- **INPUT DATA**

==============================

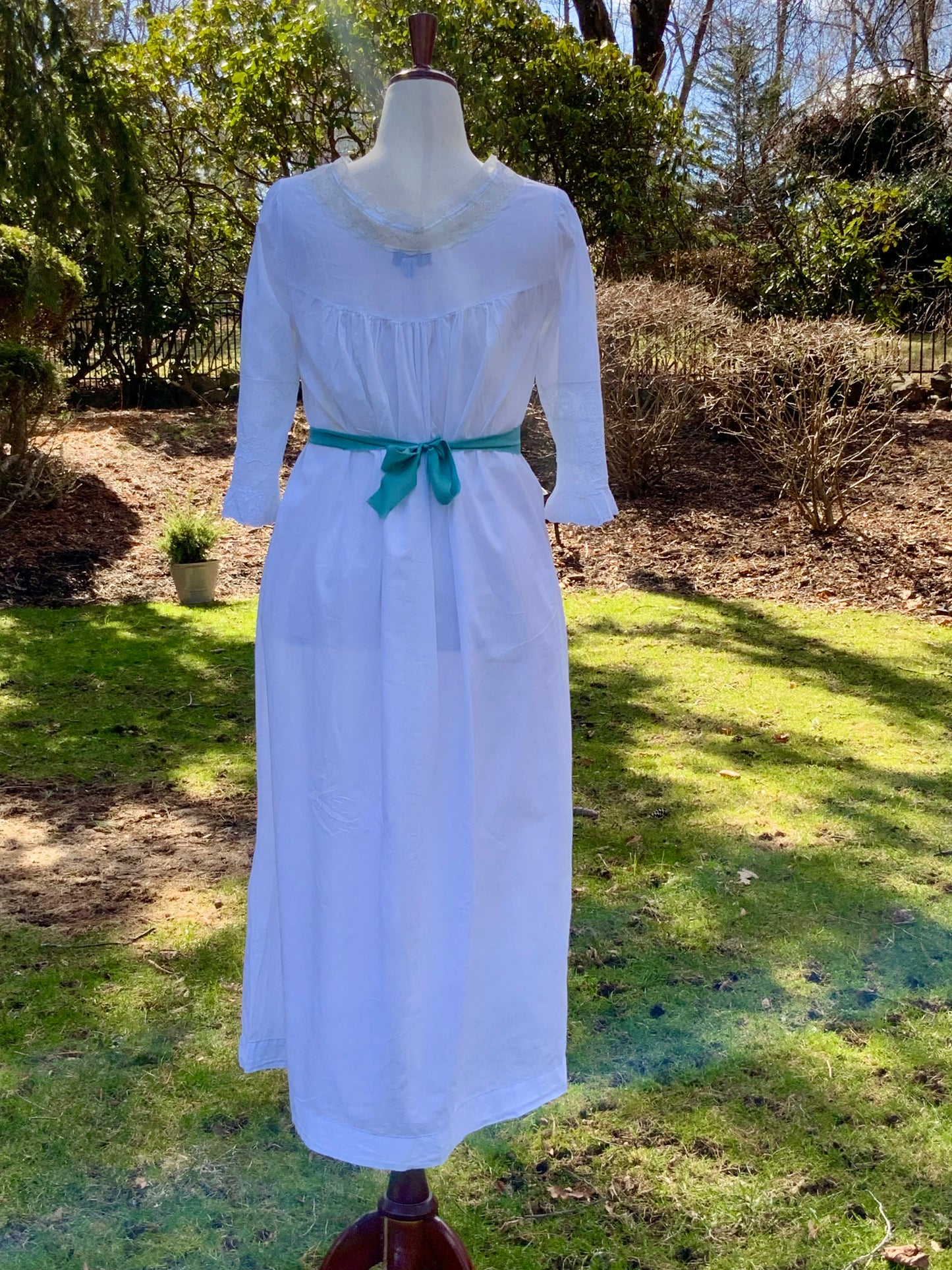 Vintage 1970s Christian Dior Lingerie White Cotton Lace Nightgown Dress | Romantic Edwardian Revival-70Z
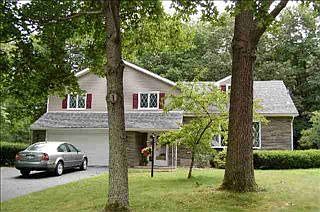 1st image of 3 Rivercrest Dr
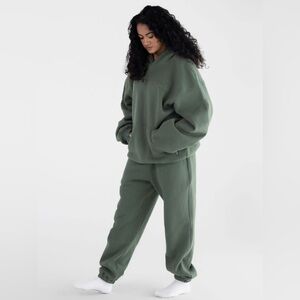 Comfrt Minimalist Sweatpants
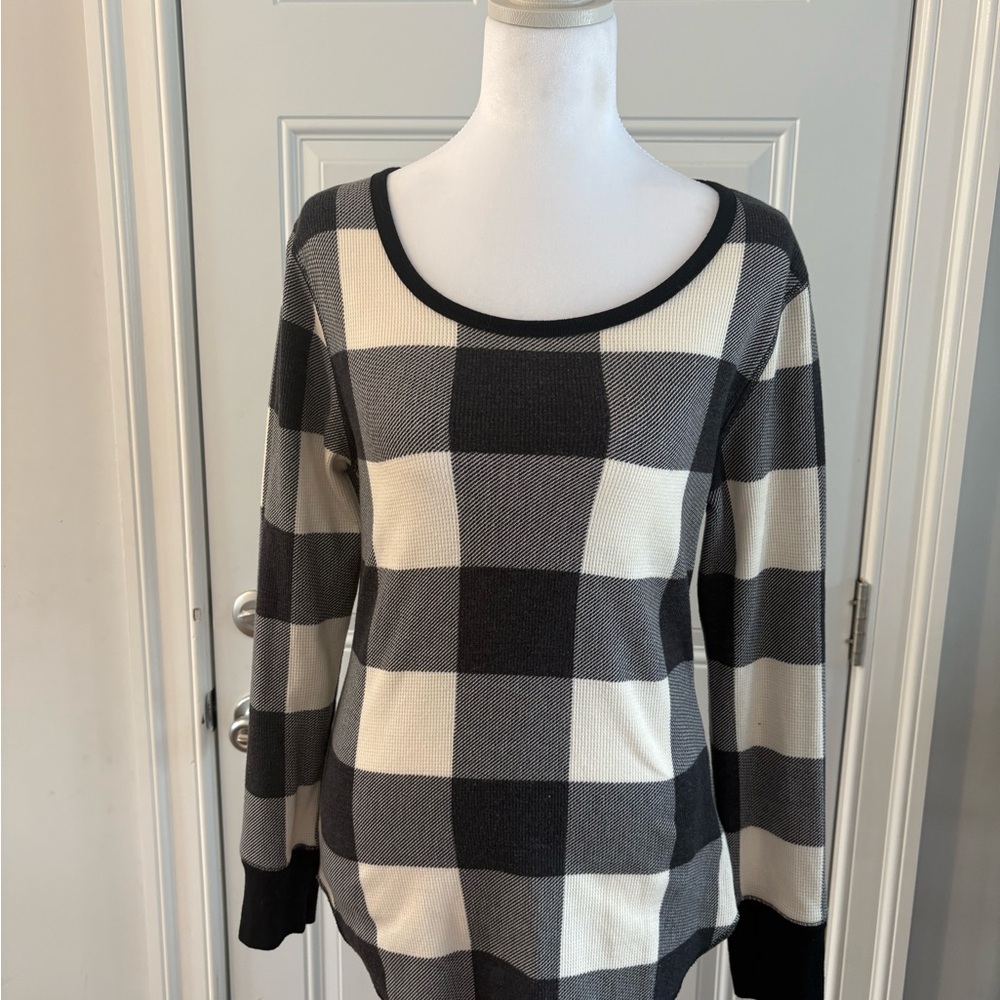 Old Navy Gray and White Knit Shirt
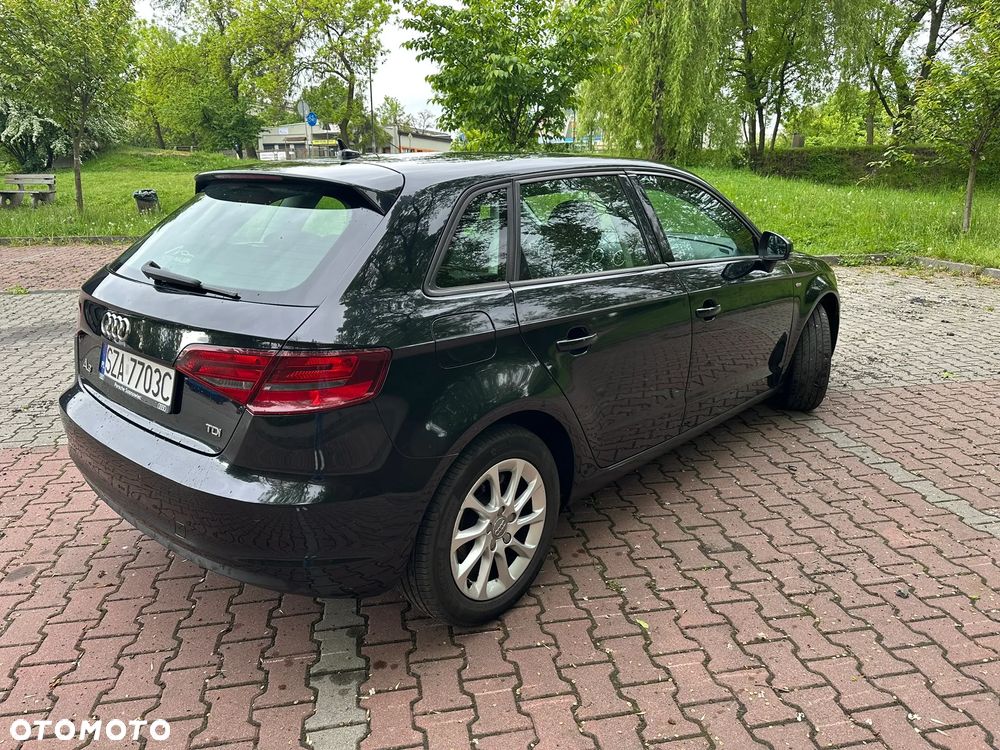 Audi A3 Sportback 1.6 TDI Attraction - 4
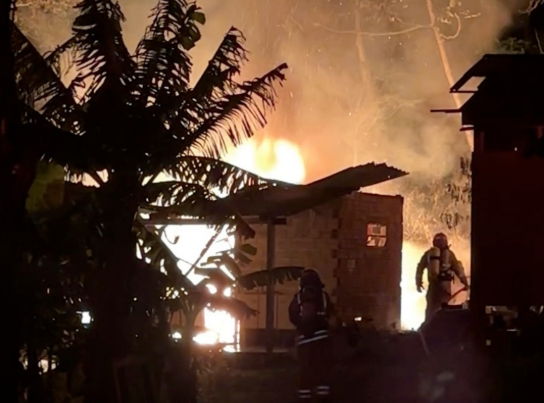 Incêndio destrói residência e mobiliza Bombeiros Voluntários em Igrejinha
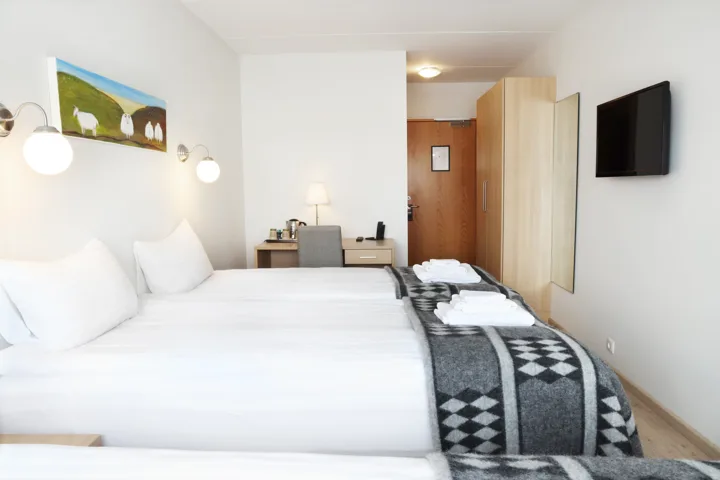 Fosshotel Lind Triple Room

==============================

- **EXERCISE DIRECTIONS**
Transcribe every line from the one with "Comfrt Minimalist Sweatpants" to the last line of the records above, exactly, excluding pictures.

- **SOLUTION TO THE PROBLEM**
 Comfrt Minimalist Sweatpants
 Old Navy Gray and White Knit Shirt
 Audi A3 Sportback 1.6 TDI Attraction - 4
 Incêndio destrói residência e mobiliza Bombeiros Voluntários em Igrejinha
 Fosshotel Lind Triple Room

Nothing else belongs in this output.